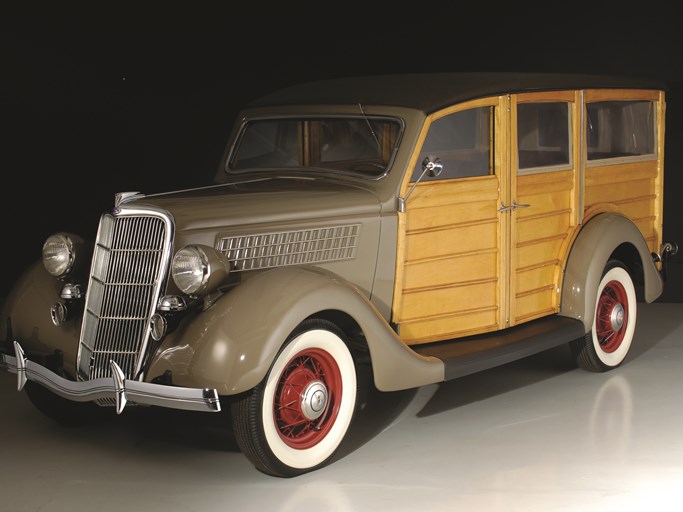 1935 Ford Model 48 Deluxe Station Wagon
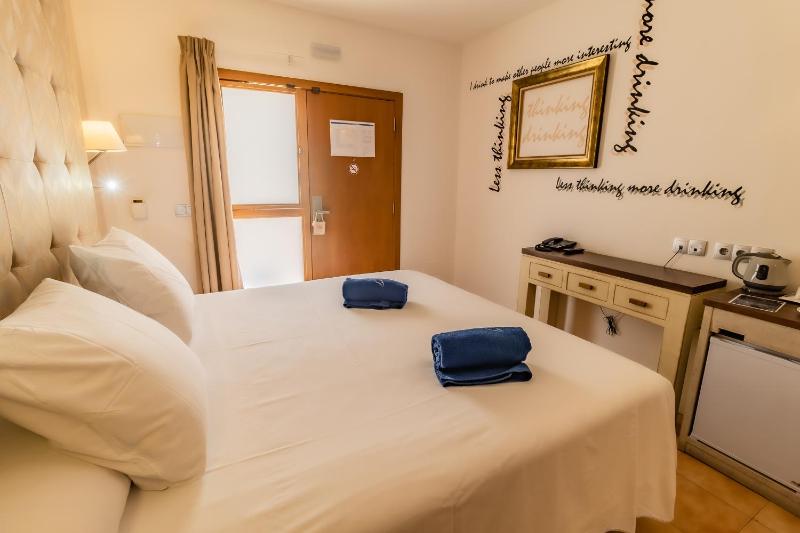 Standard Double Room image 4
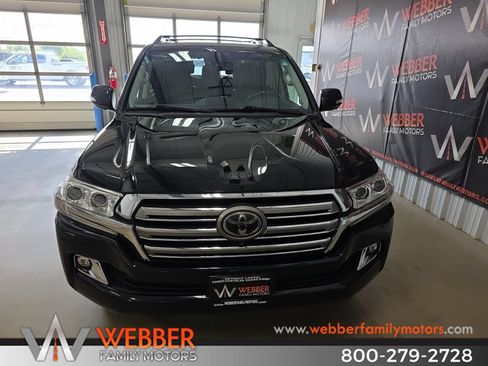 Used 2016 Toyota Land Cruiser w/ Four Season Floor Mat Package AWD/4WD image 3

**Exercise**
Repeat the full listing above exactly, with no pictures in the copy.

**Exercise solution**
 1935 Ford Model 48 Deluxe Station Wagon
 Standard Double Room image 4
 Used 2016 Toyota Land Cruiser w/ Four Season Floor Mat Package AWD/4WD image 3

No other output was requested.